Supplied information.
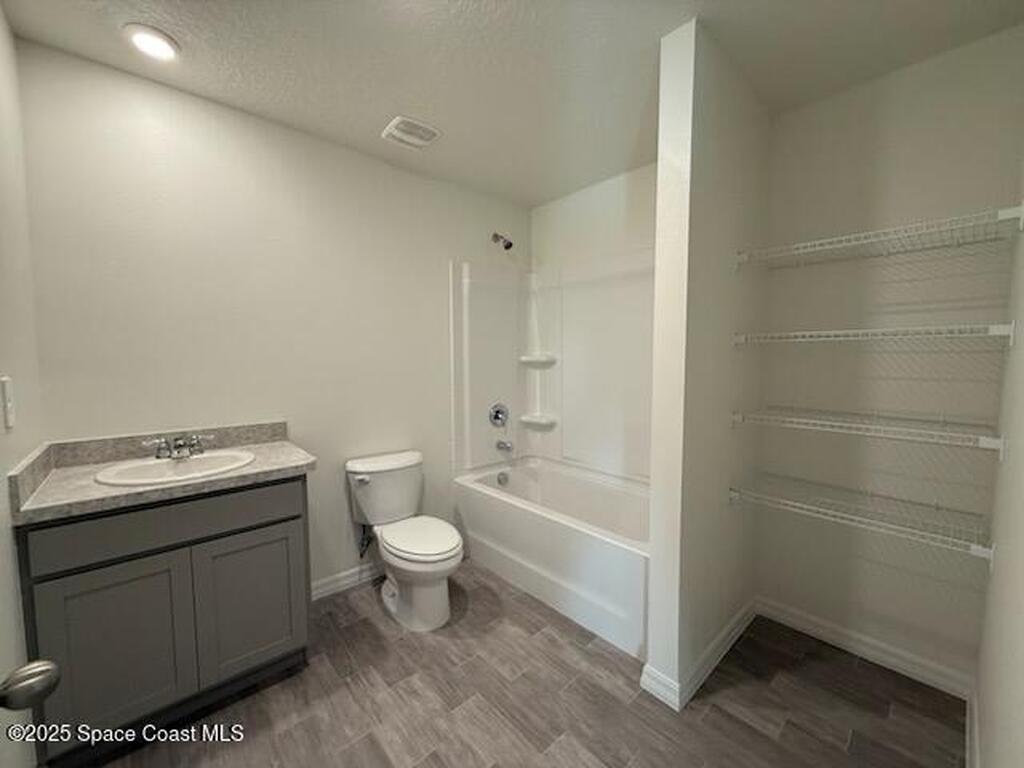 385 Dadeville Street, Palm Bay, FL 32909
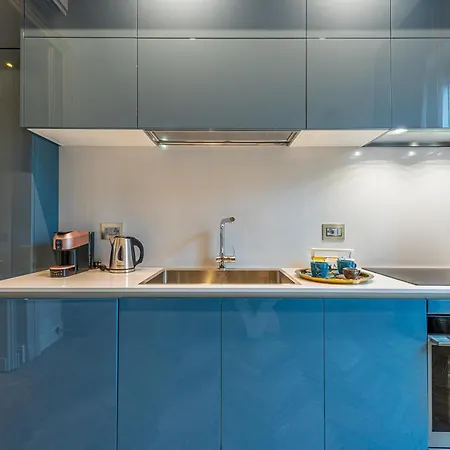 Plaza View Luxury Apartment, Appartement Alba (Piedmont)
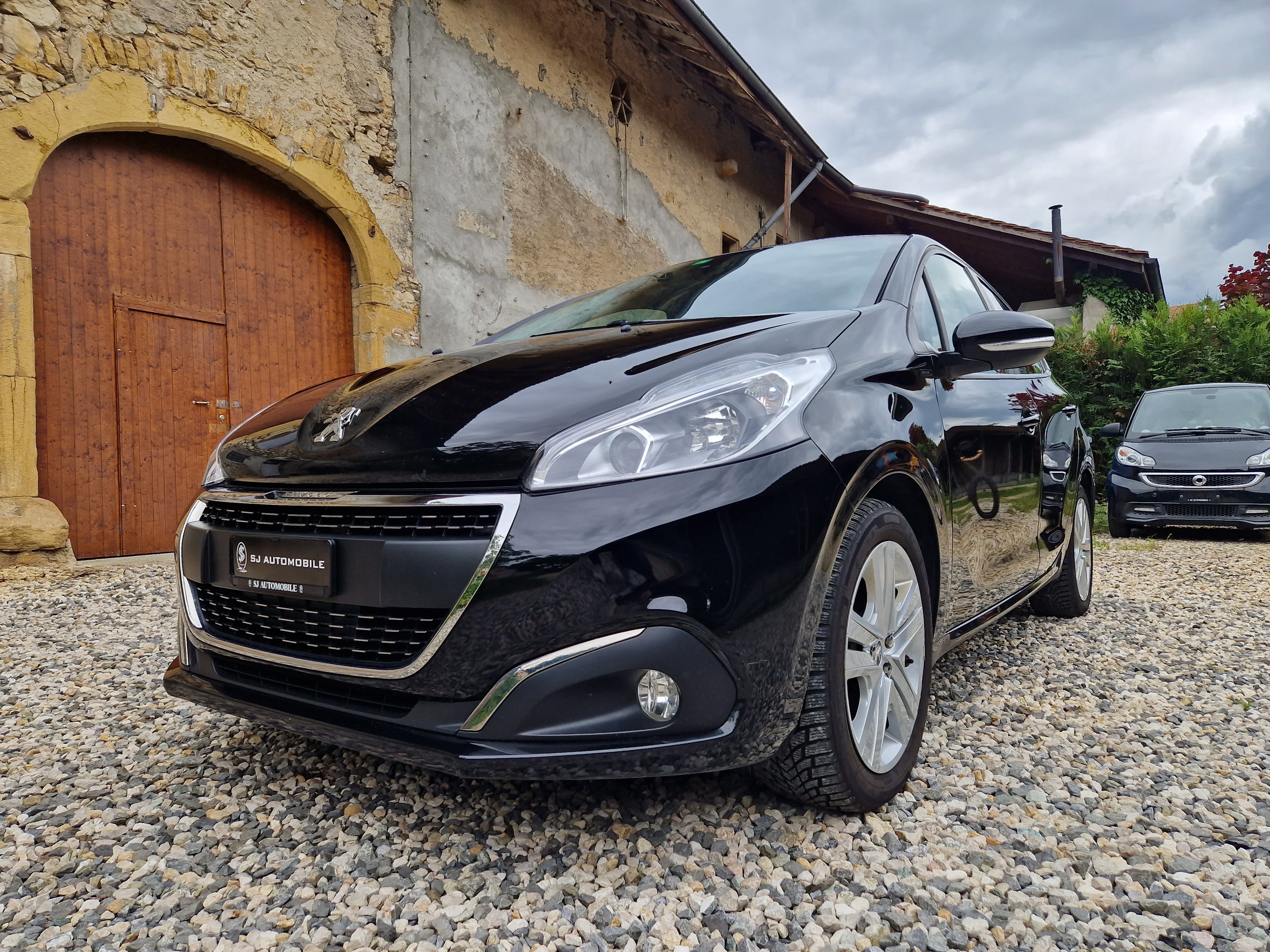 PEUGEOT 208 1.2 PureTech Signature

Exercise objective.
Output the data above exactly; pictures do not belong in the copy.

Expected output.
 385 Dadeville Street, Palm Bay, FL 32909
 Plaza View Luxury Apartment, Appartement Alba (Piedmont)
 PEUGEOT 208 1.2 PureTech Signature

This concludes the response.